• Work instructions:
Can you write out every line from the start of the records below through the line containing "Sweter męski Sinsay moherowy", leaving out any pictures?

• Supplied entries:
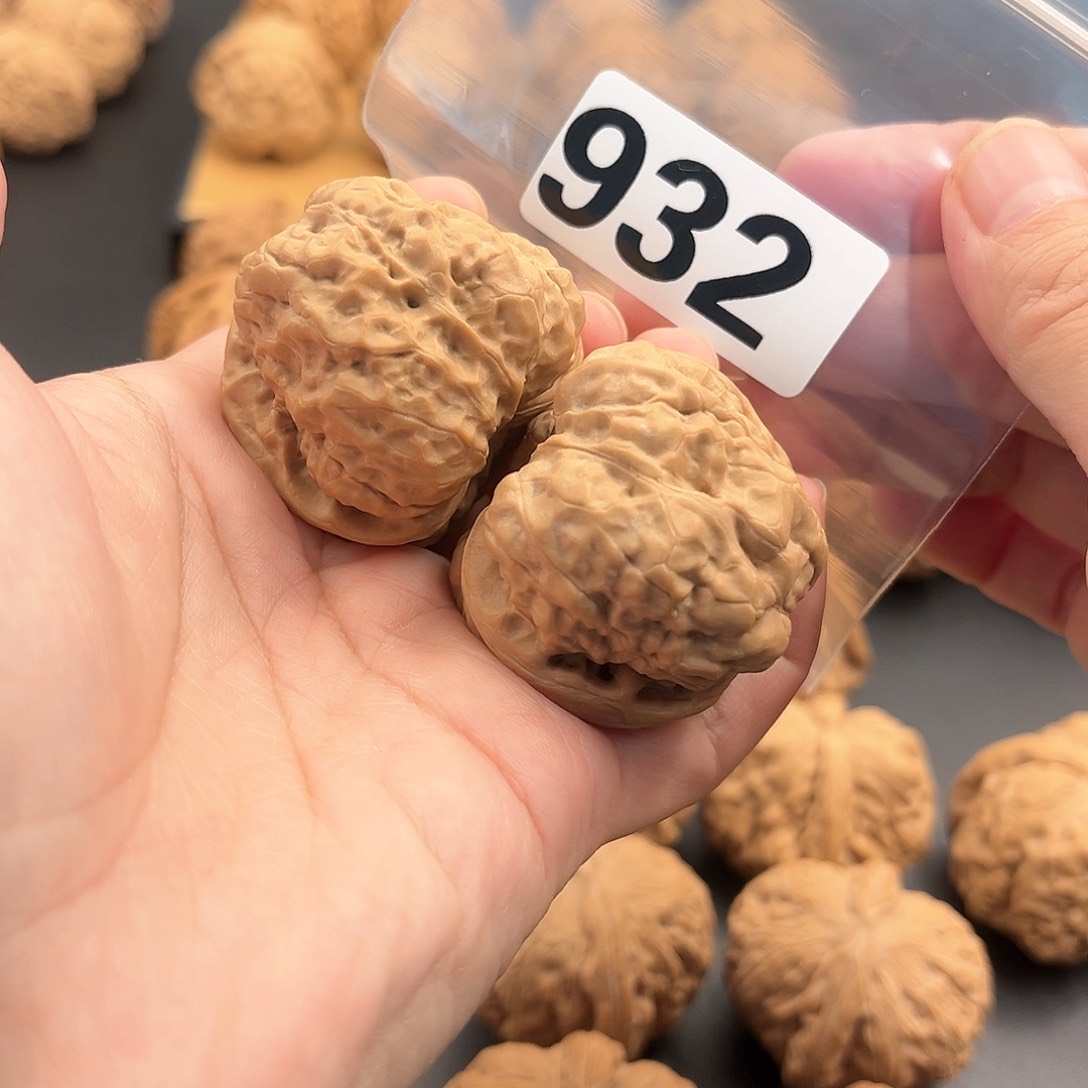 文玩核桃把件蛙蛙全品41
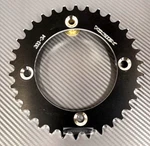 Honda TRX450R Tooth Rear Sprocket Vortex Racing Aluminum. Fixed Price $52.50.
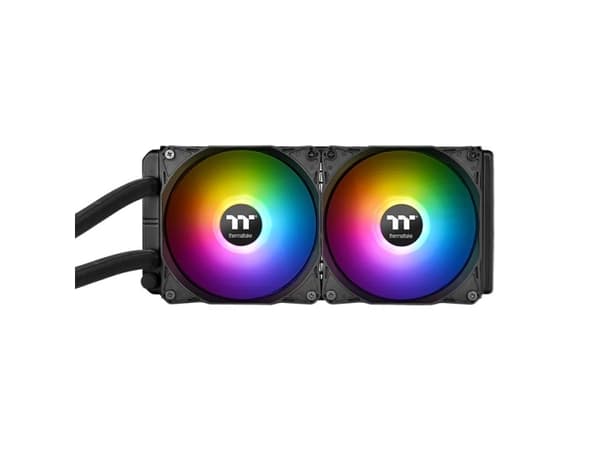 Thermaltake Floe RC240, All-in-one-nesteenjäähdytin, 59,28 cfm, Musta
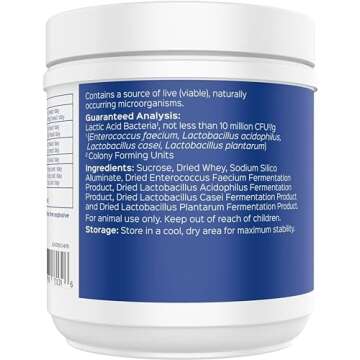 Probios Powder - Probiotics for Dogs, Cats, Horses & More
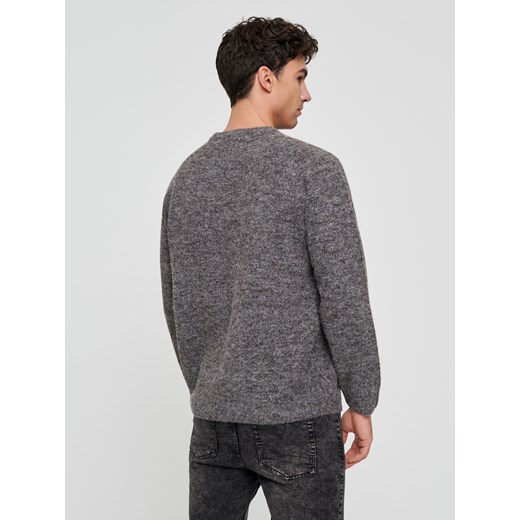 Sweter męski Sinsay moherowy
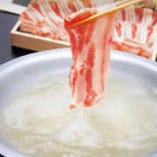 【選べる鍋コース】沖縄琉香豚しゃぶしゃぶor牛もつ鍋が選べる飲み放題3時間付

• Output:
 文玩核桃把件蛙蛙全品41
 Honda TRX450R Tooth Rear Sprocket Vortex Racing Aluminum. Fixed Price $52.50.
 Thermaltake Floe RC240, All-in-one-nesteenjäähdytin, 59,28 cfm, Musta
 Probios Powder - Probiotics for Dogs, Cats, Horses & More
 Sweter męski Sinsay moherowy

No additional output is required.